The slowdown in the economy has forced the government to take steps towards announcing many fiscal stimuli which may adversely affect the country’s macroeconomic indicators by the end of the fiscal year. However, to flip the negative sentiment built in the industry, the economy, and investors, the government is looking at the need of the hour. “While maintaining fiscal deficit targets is important, India has much more to lose if it lost favour in terms of investment destination in the global arena,” said Rashesh Shah, Chairman, and CEO of the Edelweiss Group. The current scenario is unlike anything in the past, thus, it is important that the government actively tackles the low sentiment in the system by sending positive signals in the domestic market and globally that India is willing to make extraordinary efforts to realise its growth, he added.
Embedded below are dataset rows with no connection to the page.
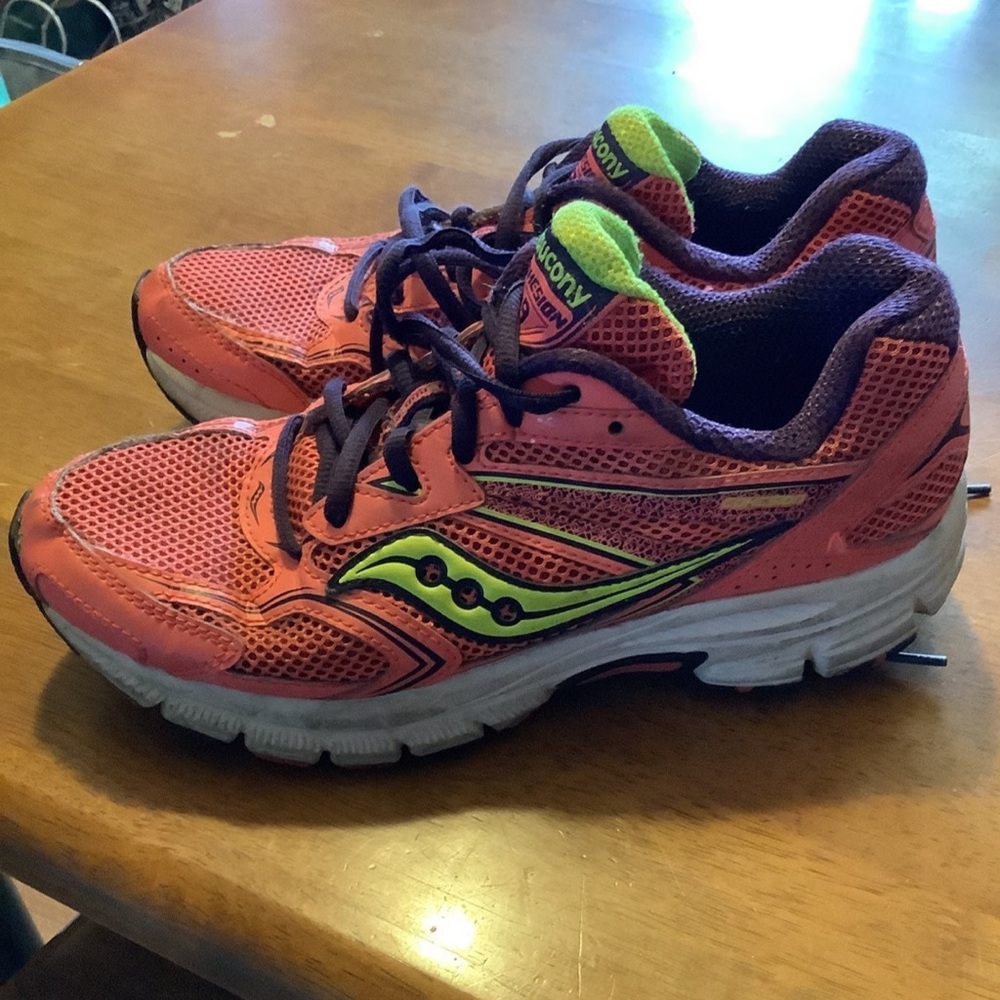 Tennis Shoes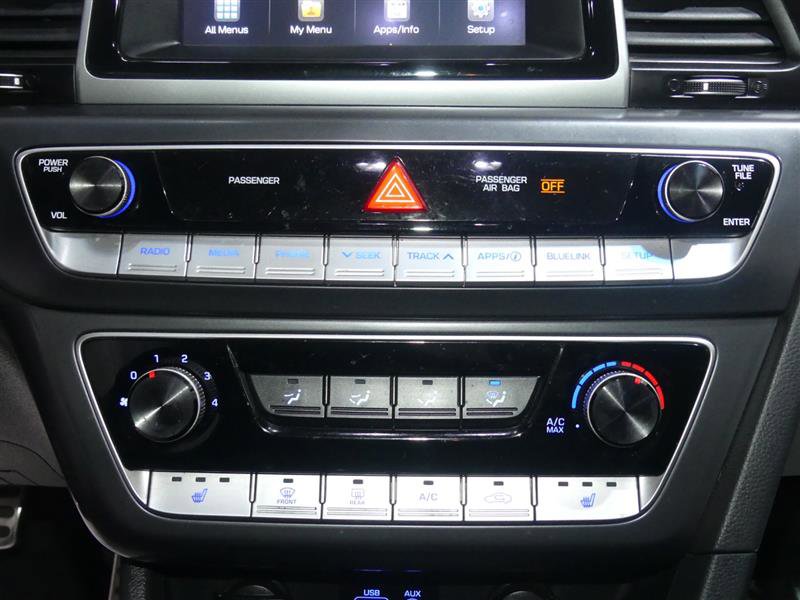 Used 2018 Hyundai Sonata Sport image 36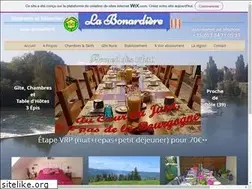Sites similar to labonardiere.fr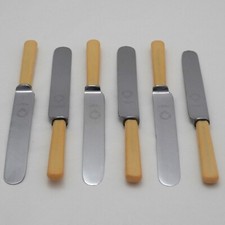 Vintage Ivorine Handle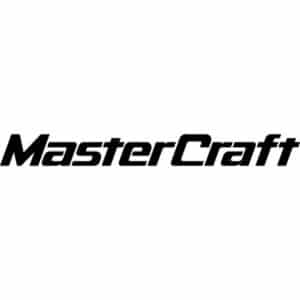 MasterCraft Logo Decal Sicker
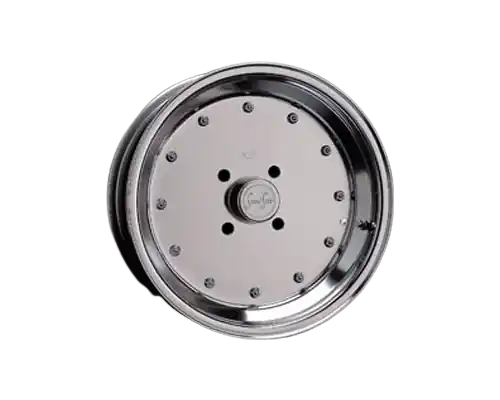 Speed Star Mk-I 5x112 14X8+-12  Polished Hot Picks
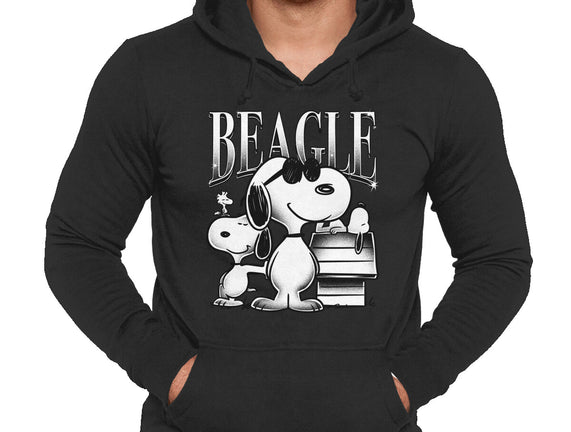 Bootleg Beagle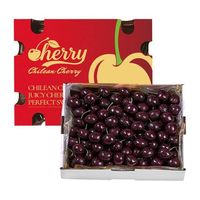 鲁禧海岸 车厘子 智利进口 3斤超值装 精选超大果 2J 单果28-30mm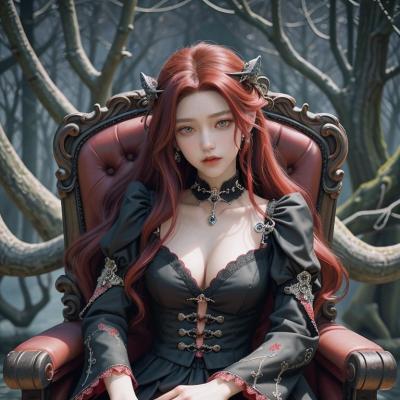 Chat with karshi, the BL & ABO character AI chatbot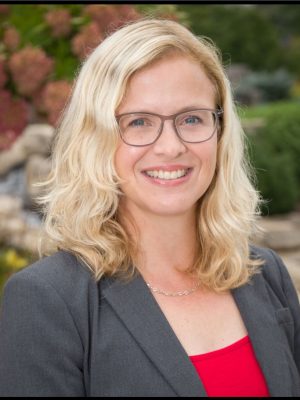 Cynthia Carlsson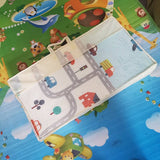 Foldable Play Mat | Crawling Mat for Children | Baby Folding Mat-ChandeliersDecor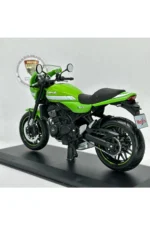 Kawasaki Z900RS Maket Motor - 1:12 Maisto Diecast - Görsel 4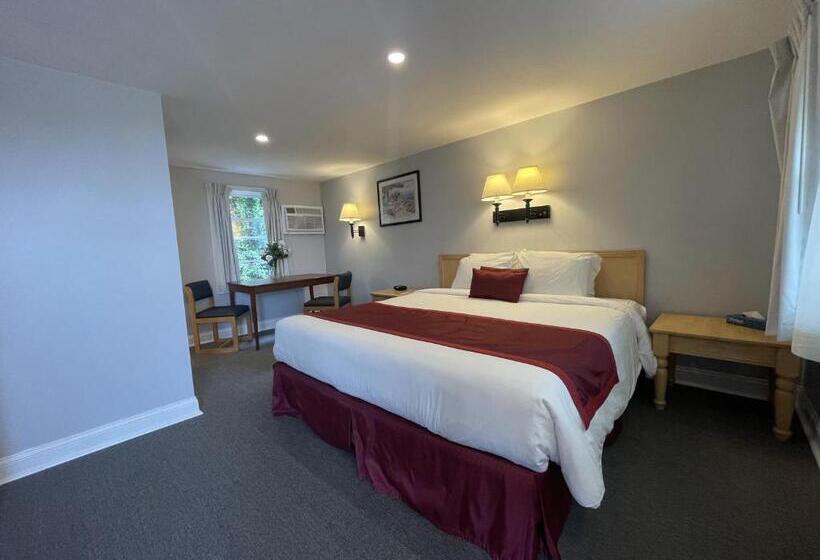 فندق على الطريق The Cutty Sark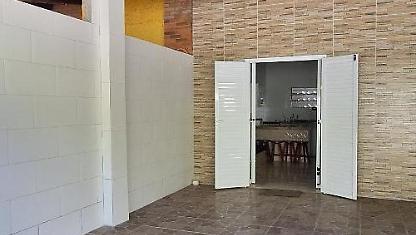 Kitchenette para alugar em Ubatuba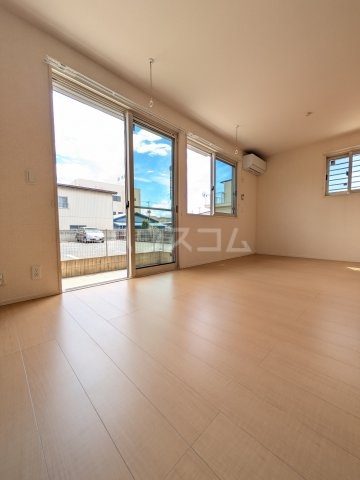 4/26 リビング/ダイニング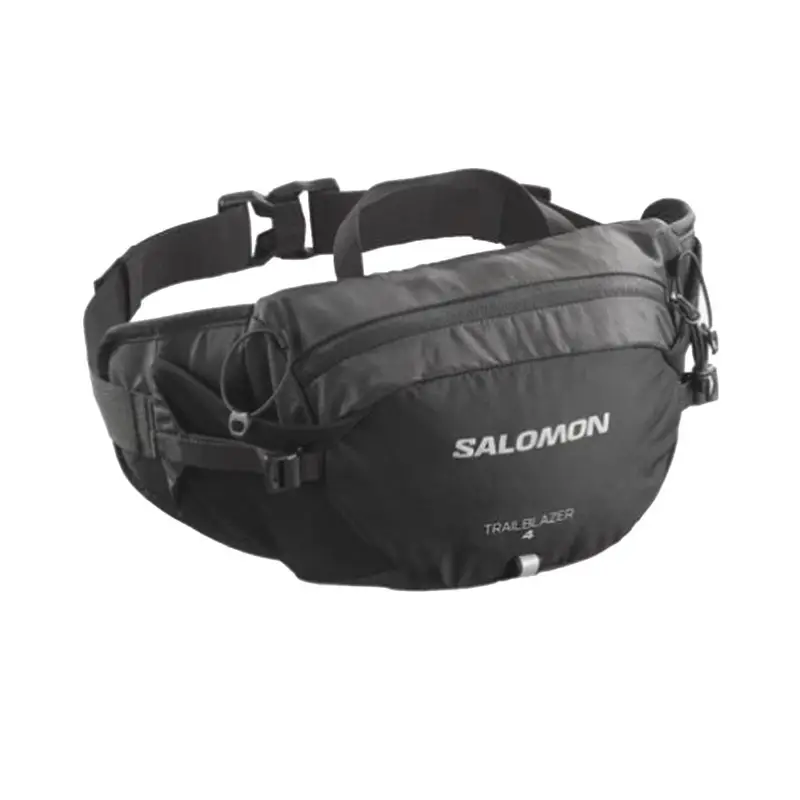 Salomon Marsupio Uomo Nero 4475037
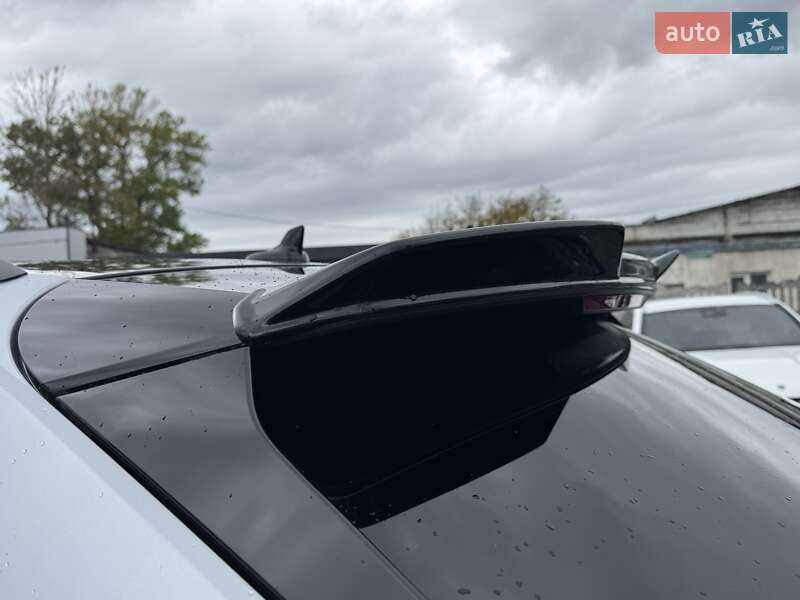Внедорожник / Кроссовер Audi Q8 2019 в Тернополе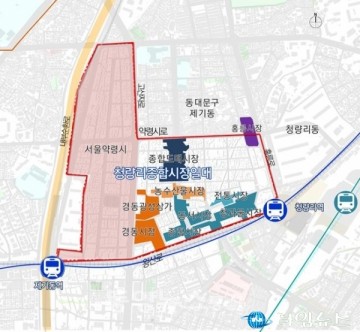정부, 도시재생사업지 76곳 선정...구도심을 복합 혁신공간으로 재편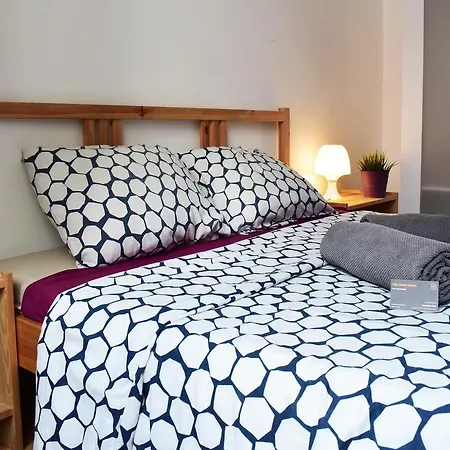 City Hostel Lisbon Auberge de jeunesse *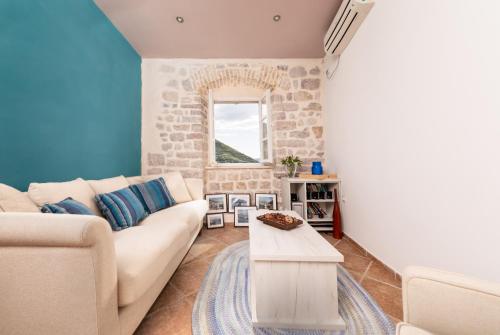 Perast Sea Window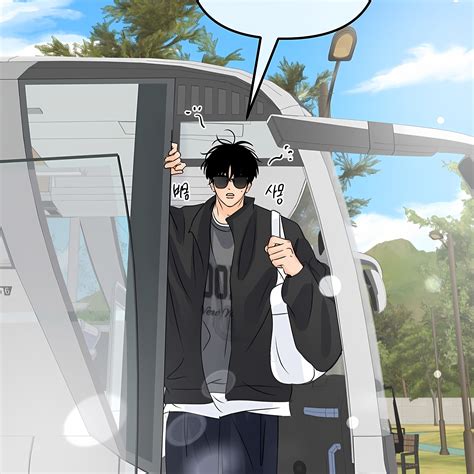 ִ ۫ Scent and Sensibility┆향의 경계┆BL┆Manhwa trong 2025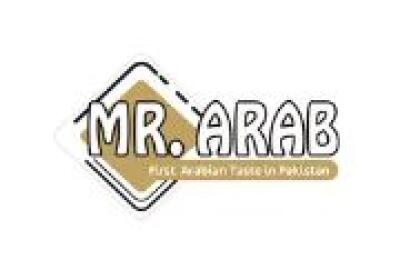 MR. ARAB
When demonetisation and GST were announced by the government, the implementation of the reform faced more questions than its intent. All kinds of reforms, irrespective of their size, need good implementation, said Rashesh Shah. However, he believes that the execution has been a focus area for the government. To get the economy back on track, and on target for the $5 trillion economy, the government has taken decisions to boost positive sentiments across the industry. While Rashesh Shah said that fundamentals, sentiments, and liquidity will play a major role in the economy, he underlined the following measures and their advantage to the economy.
- Corporate tax cut: By announcing a large corporate tax rate cut and a much lower rate for new manufacturing companies, the government has clearly shown that it will leave no stone unturned to revive the economy.
- Easing of FDI norms: The opening up of FDI in several sectors is especially timely as in this era of trade wars, India can be a beneficiary. Foreign investment is a key source of economic growth as well as non-debt finance for the country.
- Announcements on single-brand retail: The announcement on single-brand retail is very important as it gives major flexibility and ease of operations for potential investors.
- Big bank mergers: The merger of PSBs is also an idea whose time had come as stronger banks increase productivity, lessen asset quality pressure, boost liquidity and credit flow, improve overall operating efficiency and corporate governance.